LUSOVINI volta a inovar e harmoniza a gastronomia da Lusofonia com os seus vinhos …

A produtora e distribuidora LusoVini vai lançar uma brochura para mostrar que há um vinho português certo para cada prato criado por Vítor Sobral cruzando sabores de Portugal, Brasil e África.
O chef Vítor Sobral fez as receitas, Luís Lopes, director da Revista de Vinhos, seleccionou os vinhos — e assim a moamba de garoupa com quiabos e farinha de musseque aparece casada com o vinho verde branco Mito, de Anselmo Mendes, ou o Foral de Montemor, um branco alentejano da Herdade do Menir; o camarão com caril, manga e malagueta verde combina com um rosé do Dão, que pode ser o Pedra Cancela Selecção do Enólogo, ou o Casul, da Quinta da Alorna; e o ensopado de borrego, mandioca, cominhos e hortelã da ribeira pede um tinto, e a escolha pode ser entre dois alentejanos, o Évoramonte ou o Monte Damião.
A ideia de fazer uma brochura – intitulada O Vinho à Mesa, Sabores da Lusofonia, que será apresentada a 7 de Janeiro no Palácio Nacional da Ajuda, em Lisboa – com receitas de alguns dos países lusófonos em harmonização com vinhos portugueses partiu da empresa LusoVini, produtora e distribuidora de vinhos que tem apostado forte nesta relação com Angola, Moçambique e o Brasil.
Quando conversamos com Casimiro Gomes, fundador da LusoVini, ele está precisamente no Brasil, e é daí que nos explica o caminho que decidiram seguir. “O normal seria basear a estratégia na produção. Mas percebemos que por muito bons que fossem os nossos vinhos, se não tivéssemos um mercado não iríamos ter sucesso”. Foram, por isso, à conquista desse mercado.

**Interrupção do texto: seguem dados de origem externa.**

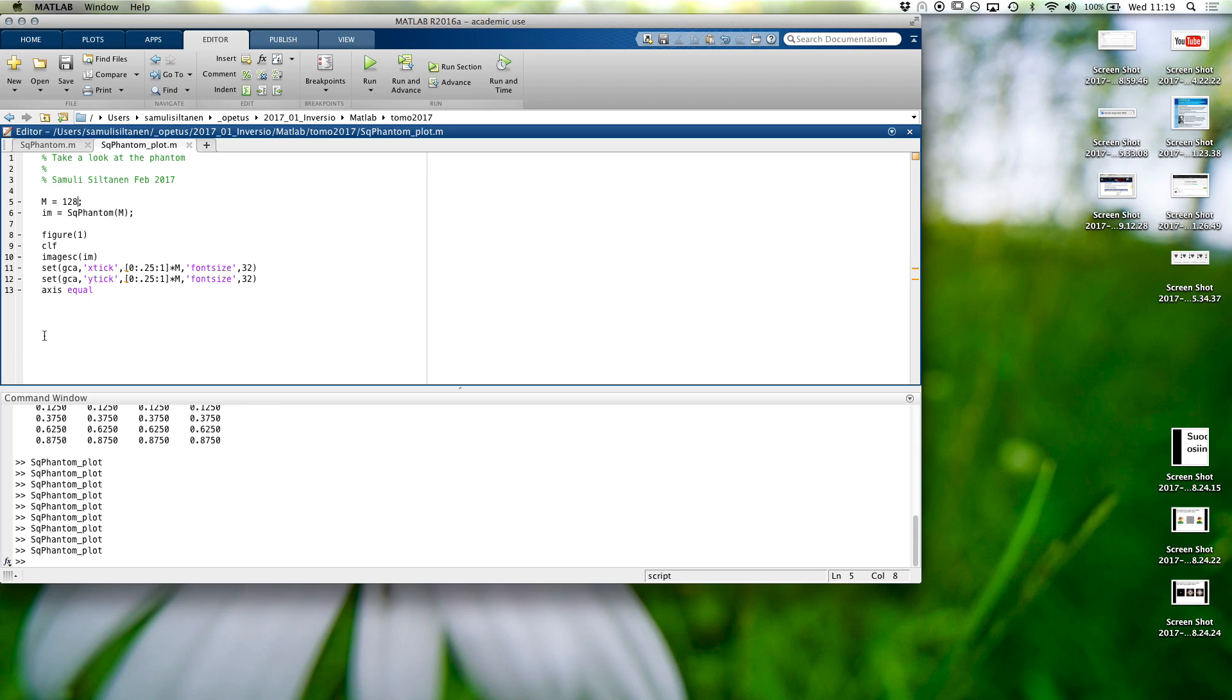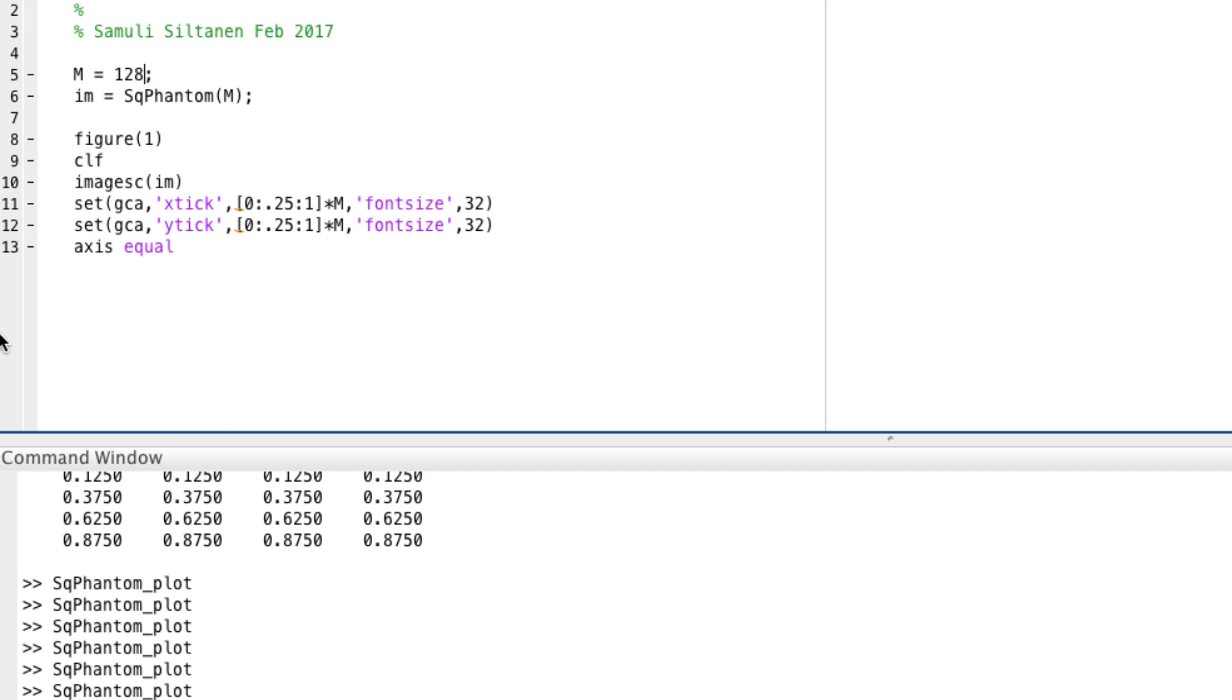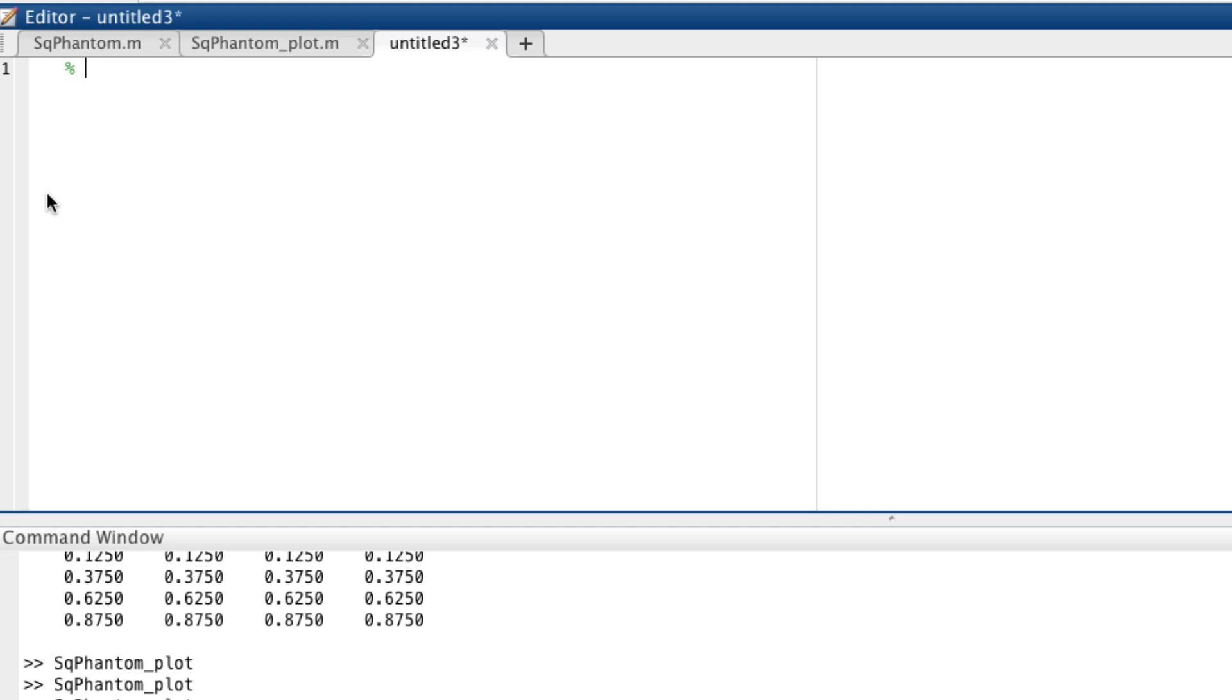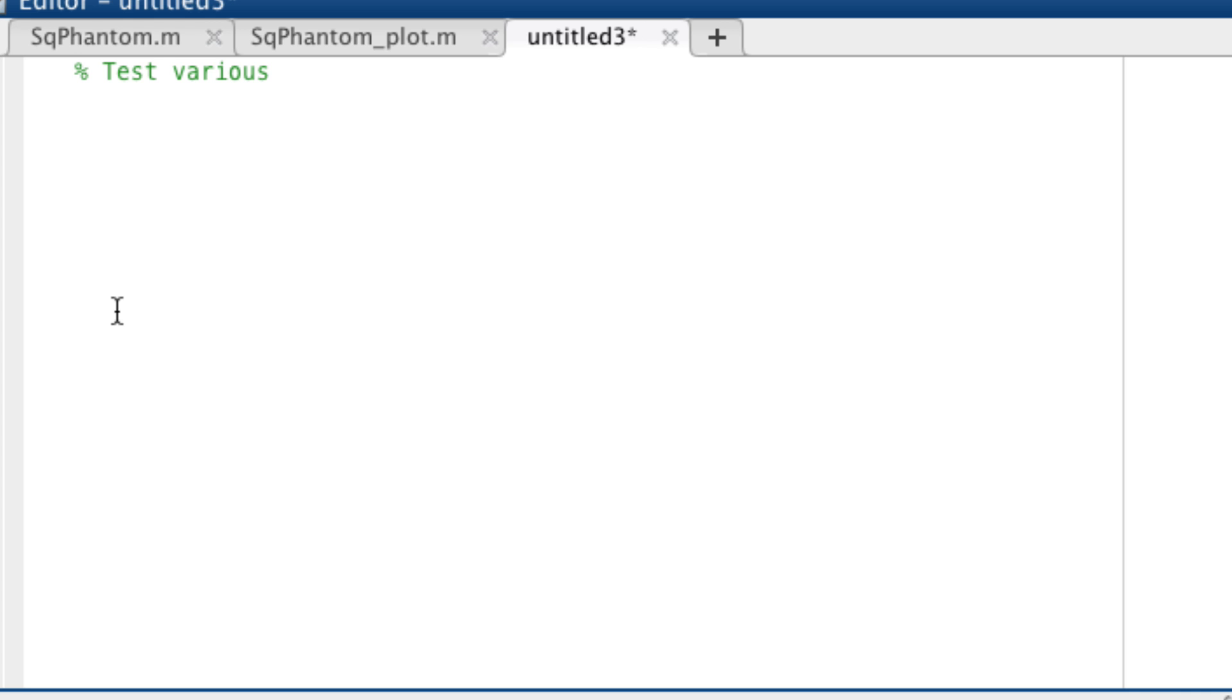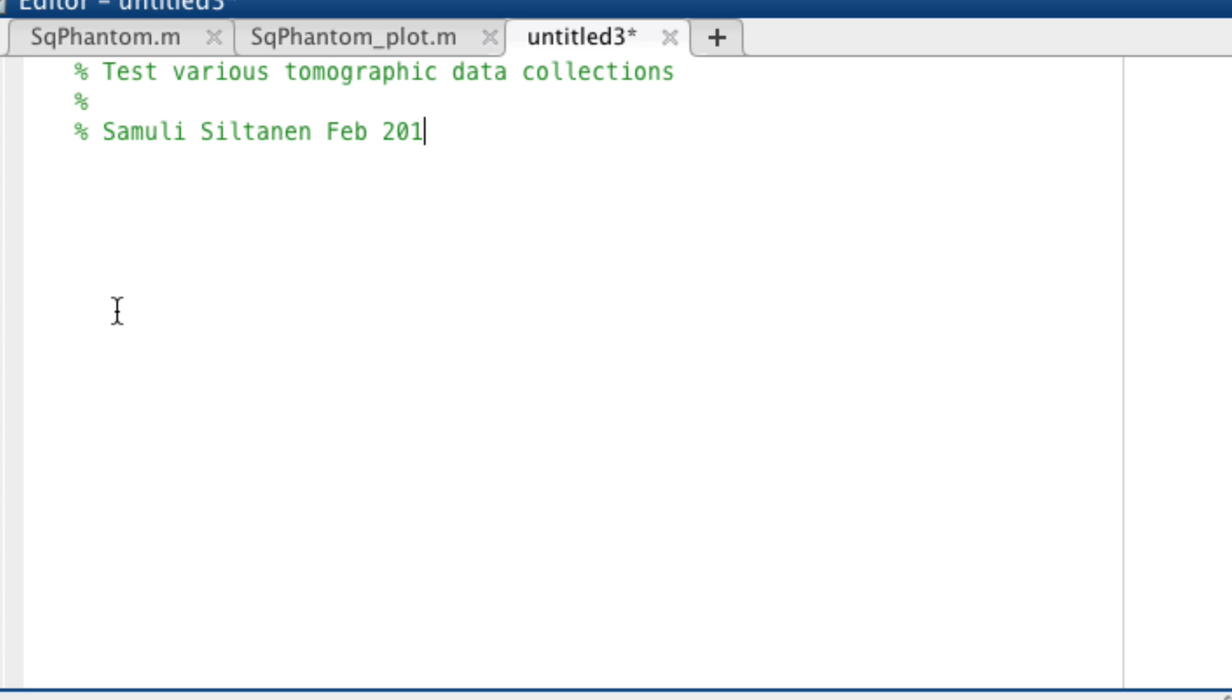Okay, let's try with this one. We can always change it later if we want. So that's our phantom, and then we should take a look at different data collections. So let's first just take a look at radon and iradon. Let's test various tomographic projections.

“Tenho 52 anos, 30 dos quais de actividade nesta área, mas os mercados mudam, e felizmente tivemos o bom senso, quando lançámos o projecto da LusoVini, de voltarmos a analisar cada um deles”, conta. A ideia não era apenas a exportação, o objectivo foi sempre a internacionalização para alguns países – hoje, cinco anos depois, a empresa está instalada em Angola (LusoVini Angola, em Luanda), Moçambique (Mozamvini, em Maputo) e Brasil (Brasvini, São Paulo).

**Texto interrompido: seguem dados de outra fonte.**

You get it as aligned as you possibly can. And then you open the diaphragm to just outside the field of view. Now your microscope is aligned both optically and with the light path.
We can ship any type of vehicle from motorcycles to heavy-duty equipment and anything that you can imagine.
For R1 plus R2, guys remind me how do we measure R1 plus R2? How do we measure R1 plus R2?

E a primeira constatação quando chegaram ao terreno foi que muitos em Portugal ainda não tinham percebido como tudo estava a mudar. “Uma das coisas que notámos quando aqui chegámos foi que Portugal estava a mandar para cá os restos. Nas prateleiras encontrávamos vinhos brancos de colheitas muito atrasadas, e, apesar de a preferência dos angolanos ser pelos vinhos portugueses, estavam a consumir muitos vinhos brancos sul-africanos”, conta Casimiro.
“Em Angola, até há seis anos atrás bastava ter produto em stock — o cliente colocava o dinheiro na conta e perguntava quando podia levantar. Hoje não é nada assim. Percebemos que o mercado ia ter oferta em excesso e que a distribuição ia evoluir de forma muito rápida, pelo que tínhamos que olhar para o mercado de Angola como se estivéssemos a olhar para o de Nova Iorque, coisa que era difícil de explicar a equipas que estavam habituadas a um cliente que pedia por favor para comprar. Hoje isso não existe”. Por isso, em Luanda já têm até loja para provas e organizam jantares vínicos.
Moçambique é um mercado mais pequeno, com outras particularidades. “O peso da população muçulmana é muito grande, há lojas que não têm uma única bebida alcoólica, e precisamos de canalizar os diferentes produtos para os diferentes nichos”, explica o responsável da LusoVini. E há ainda o Brasil, onde também houve uma evolução muito grande e “quem consome vinho representa hoje um mercado de primeiro mundo, muito esclarecido”. Neste caso, por exemplo, foi preciso ultrapassar preconceitos instalados. “Nas décadas de 70 e 80 mandámos para o Brasil vinhos muito maus, de tal forma que ainda hoje há pessoas que se negam sequer a prová-los”.